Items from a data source
:::::
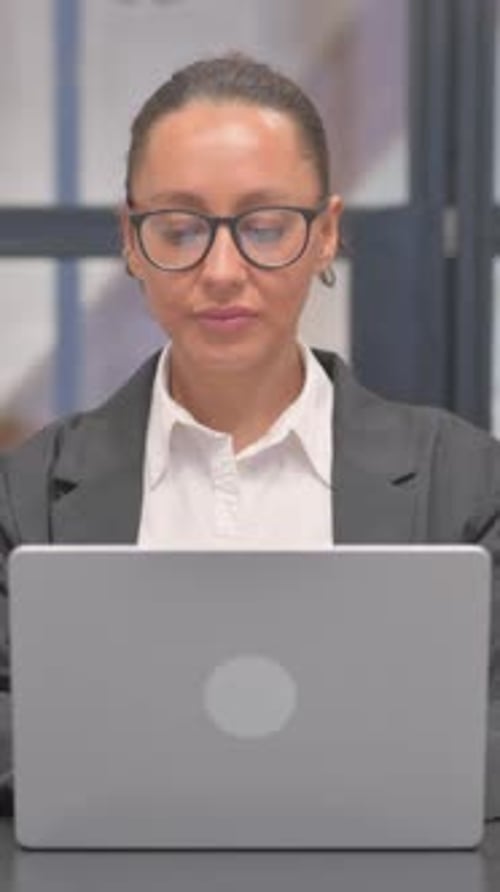 Woman Smiling at Laptop in Office Environment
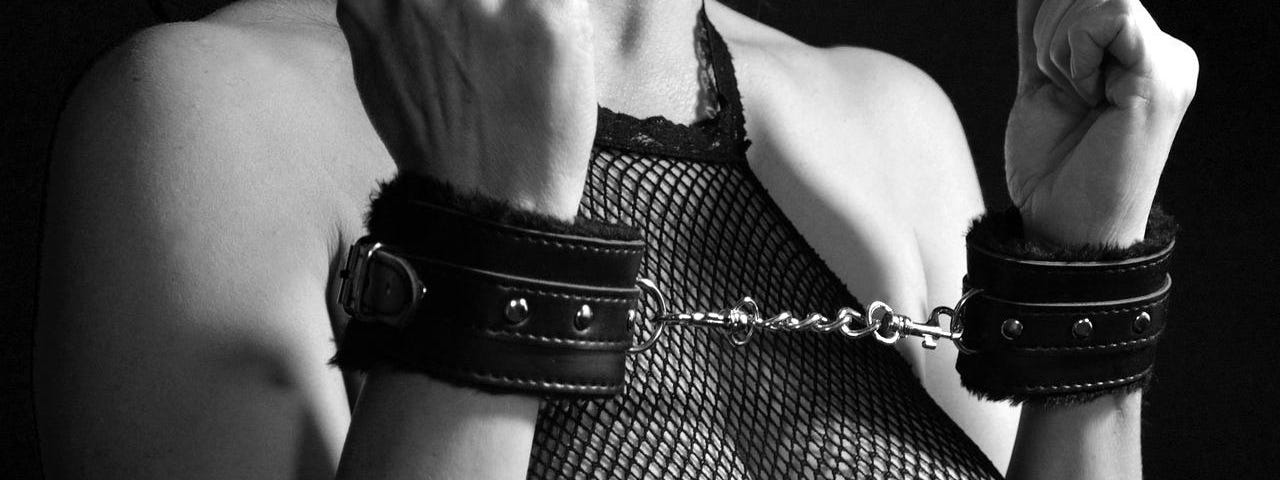 Black & white photo of a woman with plump breasts, a sleeve-less fishnet and with her hands being cuffed by leather handcuffs.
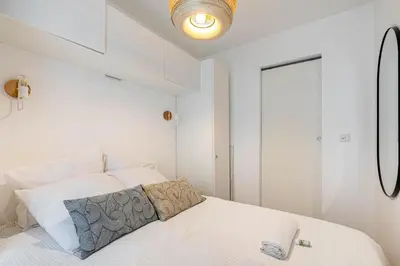 Un ou plusieurs lits dans un hébergement de l'établissement GuestReady - 2BR Apt Paris Expo Porte Versailles
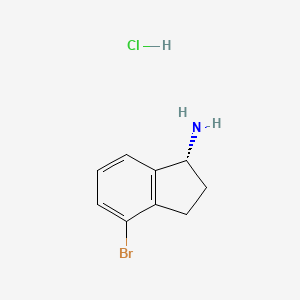 molecular formula C9H11BrClN B566996 (R)-4-溴-2,3-二氢-1H-茚-1-胺盐酸盐 CAS No. 1228556-71-5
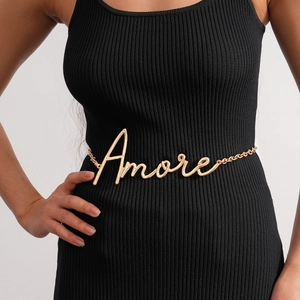Professionelles Detail einer goldenen Amore-Hüftkette auf einem stilvollen schwarzen Kleid.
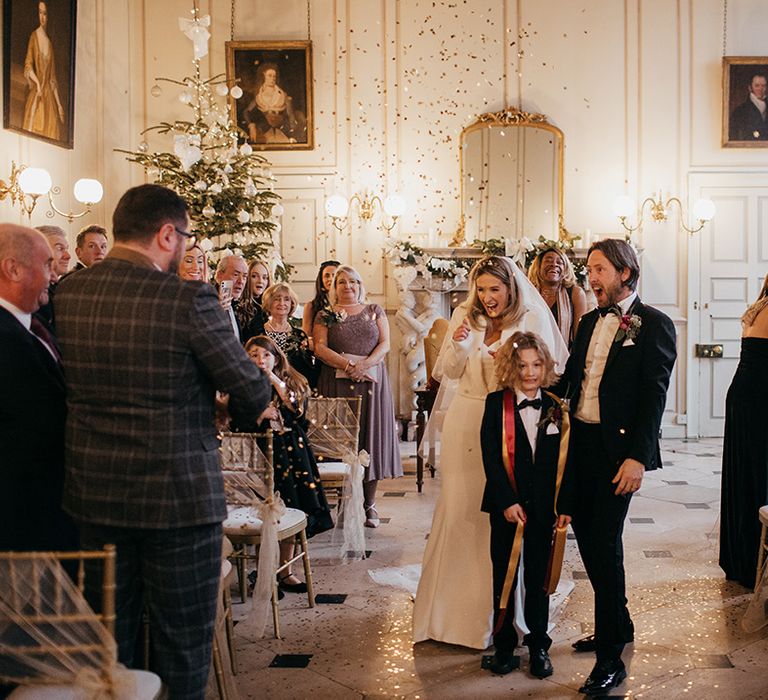 Bride & groom walk down the aisle with their song as confetti cannon explodes around them with gold confetti 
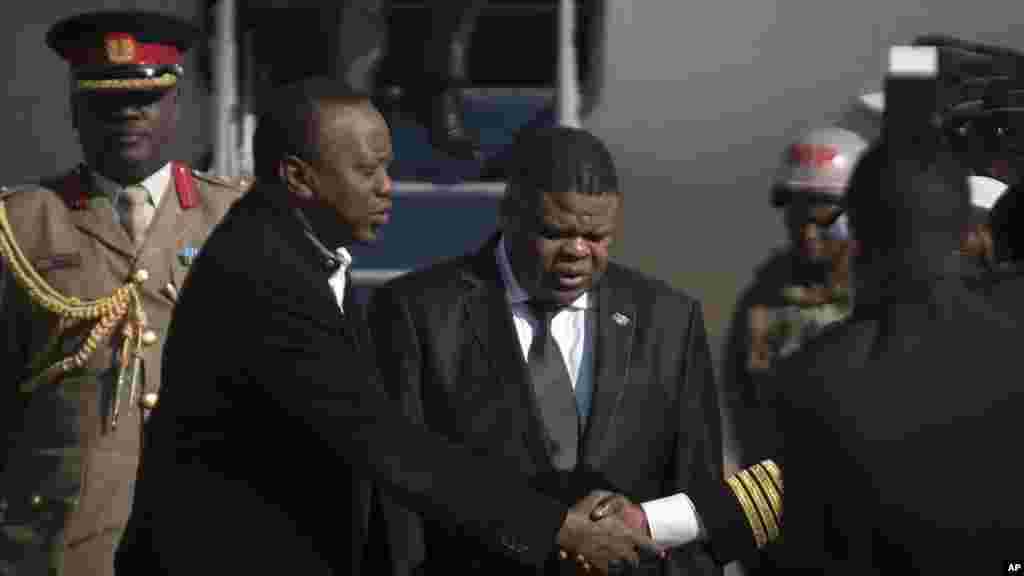 Le président kenyan Uhuru Kenyatta (à gauche) accompagné par le ministre sud-africain de la Sécurité d&#39;Etat David Mahlobo (à droite) arrive à la base aérienne de Waterkloof, à Pretoria, Afrique du Sud, samedi Juin 13 2015, la veille du Sommet de l&#39;Unité africaine (UA).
:::::
• **Your goal**: Return exactly the lines that begin with the one containing "Bride & groom" and end with the final line of the data above; include no pictures.

• **Reply to the exercise**:
 Bride & groom walk down the aisle with their song as confetti cannon explodes around them with gold confetti 
 Le président kenyan Uhuru Kenyatta (à gauche) accompagné par le ministre sud-africain de la Sécurité d&#39;Etat David Mahlobo (à droite) arrive à la base aérienne de Waterkloof, à Pretoria, Afrique du Sud, samedi Juin 13 2015, la veille du Sommet de l&#39;Unité africaine (UA).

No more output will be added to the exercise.